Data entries
Content starts
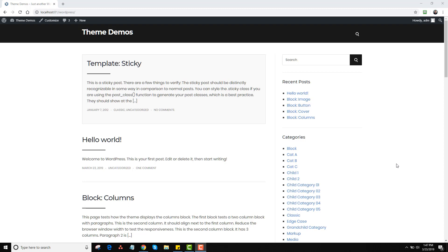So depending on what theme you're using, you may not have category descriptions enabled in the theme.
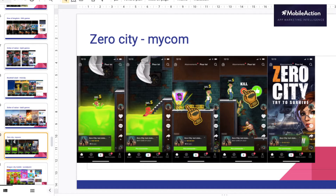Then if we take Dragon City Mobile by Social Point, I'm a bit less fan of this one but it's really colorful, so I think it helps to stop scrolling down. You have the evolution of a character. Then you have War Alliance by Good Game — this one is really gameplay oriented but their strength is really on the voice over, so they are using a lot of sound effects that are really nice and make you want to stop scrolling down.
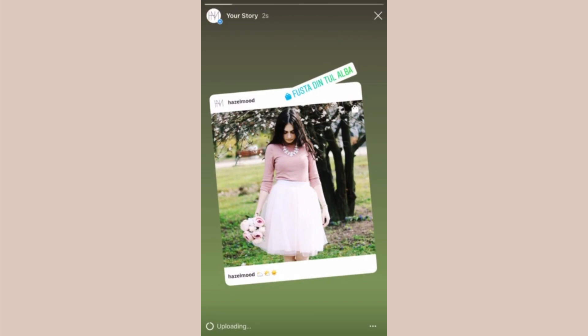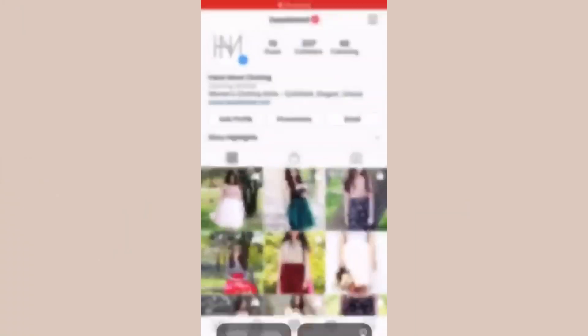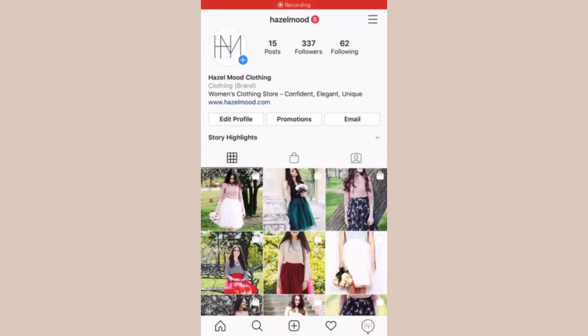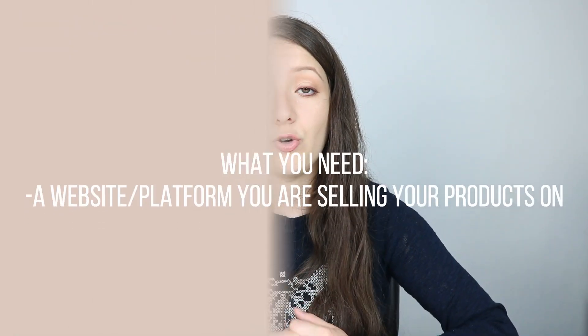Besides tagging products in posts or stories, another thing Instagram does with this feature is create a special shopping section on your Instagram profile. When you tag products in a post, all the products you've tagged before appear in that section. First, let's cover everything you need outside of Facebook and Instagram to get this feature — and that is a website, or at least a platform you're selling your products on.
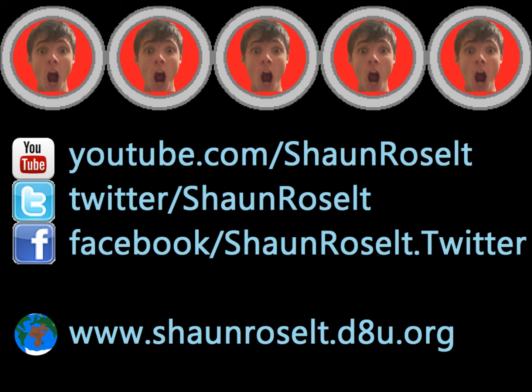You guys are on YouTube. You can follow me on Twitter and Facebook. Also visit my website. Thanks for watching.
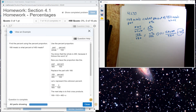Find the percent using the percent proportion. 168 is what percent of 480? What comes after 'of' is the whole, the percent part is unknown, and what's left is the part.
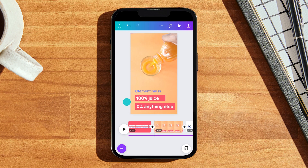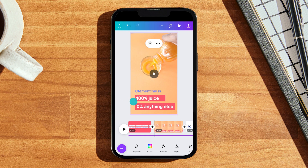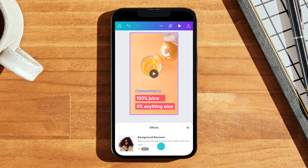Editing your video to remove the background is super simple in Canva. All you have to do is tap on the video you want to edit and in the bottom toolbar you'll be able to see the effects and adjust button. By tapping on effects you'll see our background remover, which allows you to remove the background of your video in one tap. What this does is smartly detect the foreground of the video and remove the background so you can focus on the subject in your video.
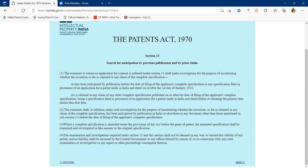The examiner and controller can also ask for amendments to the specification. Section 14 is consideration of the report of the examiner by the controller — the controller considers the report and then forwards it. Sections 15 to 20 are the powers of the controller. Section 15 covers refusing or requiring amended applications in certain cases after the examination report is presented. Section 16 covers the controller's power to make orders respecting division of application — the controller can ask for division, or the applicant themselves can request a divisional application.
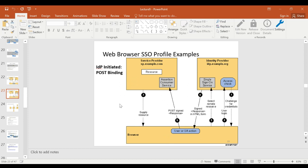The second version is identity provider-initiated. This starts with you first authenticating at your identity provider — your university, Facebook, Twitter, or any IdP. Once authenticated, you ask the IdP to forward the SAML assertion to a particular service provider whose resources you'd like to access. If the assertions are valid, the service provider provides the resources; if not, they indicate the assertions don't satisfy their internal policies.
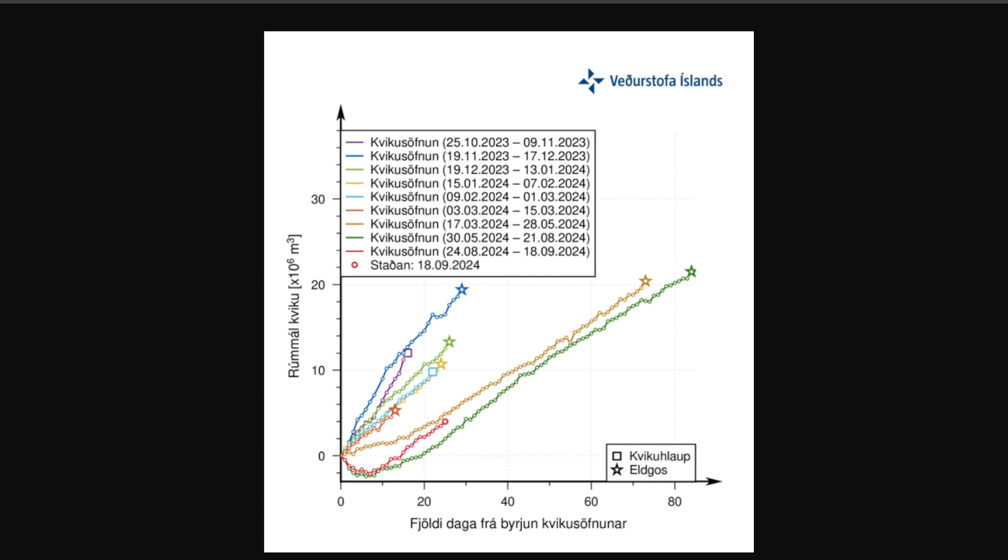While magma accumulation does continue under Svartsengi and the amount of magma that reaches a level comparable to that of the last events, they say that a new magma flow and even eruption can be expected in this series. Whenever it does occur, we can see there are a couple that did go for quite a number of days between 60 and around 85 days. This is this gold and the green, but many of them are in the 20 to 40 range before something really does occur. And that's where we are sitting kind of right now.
Content ends
◆ **Task goal**
Print exactly the lines from the first line of the records above through the line containing "You guys are", both included, and leave the pictures out.

◆ **Finished exercise**
So depending on what theme you're using, you may not have category descriptions enabled in the theme.
Then if we take Dragon City Mobile by Social Point, I'm a bit less fan of this one but it's really colorful, so I think it helps to stop scrolling down. You have the evolution of a character. Then you have War Alliance by Good Game — this one is really gameplay oriented but their strength is really on the voice over, so they are using a lot of sound effects that are really nice and make you want to stop scrolling down.
Besides tagging products in posts or stories, another thing Instagram does with this feature is create a special shopping section on your Instagram profile. When you tag products in a post, all the products you've tagged before appear in that section. First, let's cover everything you need outside of Facebook and Instagram to get this feature — and that is a website, or at least a platform you're selling your products on.
You guys are on YouTube. You can follow me on Twitter and Facebook. Also visit my website. Thanks for watching.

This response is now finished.